I was walking past Notre Dame for the third time that week when someone yelled those words at me. It took a second for me to process. It was the first time that I had worn the orange-and-brown Padres hat that I brought along on the trip. Apparently, fandom and tourism do mix. Luckily, that was not the only experience I had with baseball in France.
Knowing that it was a crucial time in the season for the Padres, I brought along a laptop and an iPad, hoping to access my MLB.TV account. I was a little concerned when attempts to watch Hulu on the first night were thwarted with a message about not being able to watch outside of the USA. I also didn’t figure the time difference into my endeavor until I got to Paris, which is when I realized why professional baseball has yet to capture Europeans’ hearts. Most MLB games are played between 1 a.m. and 7 a.m. on that side of the world. I set my alarm for 4 a.m. and crossed my fingers that MLB.TV didn’t mind European viewers.
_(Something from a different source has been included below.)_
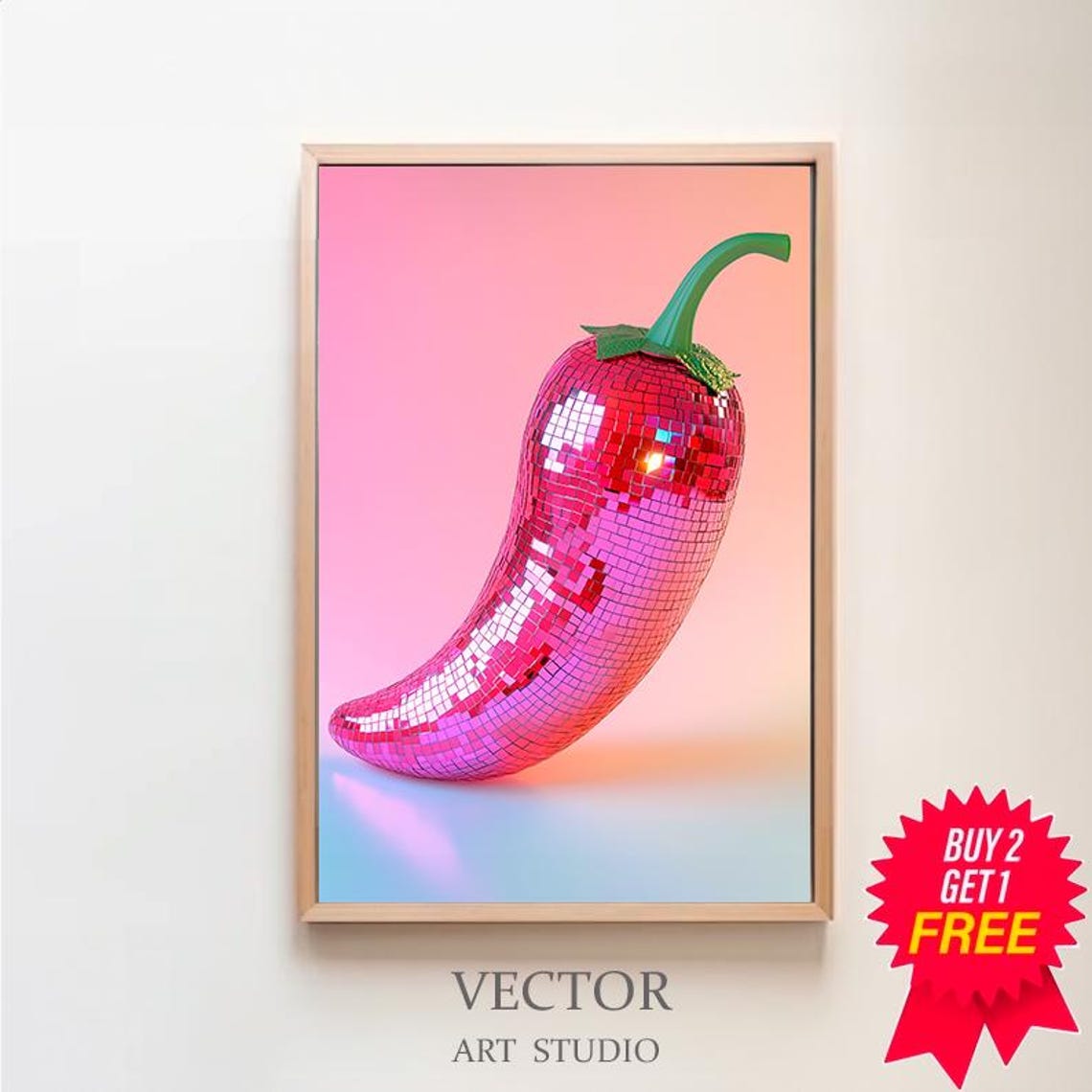 Red Chili Pepper Disco Ball Pink Kitchen Dopamine Art Poster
The good news: I was able to watch as much Padres baseball as I wanted, and that the iPad MLB At Bat app makes it incredibly easy to dig through the box score or look at pitch tracker while viewing the game. The bad news: besides the feed being about a full minute behind the live broadcast (and, therefore, Twitter), is that I now had a reason to set an alarm for 4 a.m. for nearly every day of my trip.
For someone who has never attended a double-header, and loved Ernie Banks’ motto “Let’s play two!” I did find joy in the fact that scheduling creates one day each week in which there are two Padres games in a single day in France. Games air in San Diego on Saturday evening and Sunday afternoon, but they air in France at 4 a.m. Sunday and again Sunday night. You’ve never truly experienced baseball the right way until you’ve started and ended your day with Padres games.
Trying to keep up with the NBA Finals, which were also airing in the wee hours of the morning in Paris, proved a bit more difficult.
The NBA Game Time app wouldn’t allow live-streaming because the games were being aired on a national network in the U.S. I checked all of the channels in the hotel room, hoping that Tony Parker’s home country would be interested in airing his quest for another championship with the San Antonio Spurs, but found nothing. I ended up following as best I could with Twitter and the live box score but ultimately missed out on what many are calling the two best NBA Finals games in the last decade.
Perhaps the biggest difference, as a sports fan in Europe, is how few references there were to sports.
Billboards mostly advertise food and drink, with a few pushing for proper manners on the subway, and they’re relying on the product to speak for itself instead of having an athlete do the work. The only celebrities I saw in advertisements were Cameron Diaz and Leonardo Dicaprio, in ads for watches, and even those were rare. If you didn’t see soccer fields littered throughout the country, you might believe that Europe was a world without sports because of the way they prevent it from bleeding into the rest of their lives.
I’m usually up early in the morning, so being a Padres fan in France wasn’t that bad.
But it’d be nice if technology reached a point where it’s easy to watch all American professional sports abroad.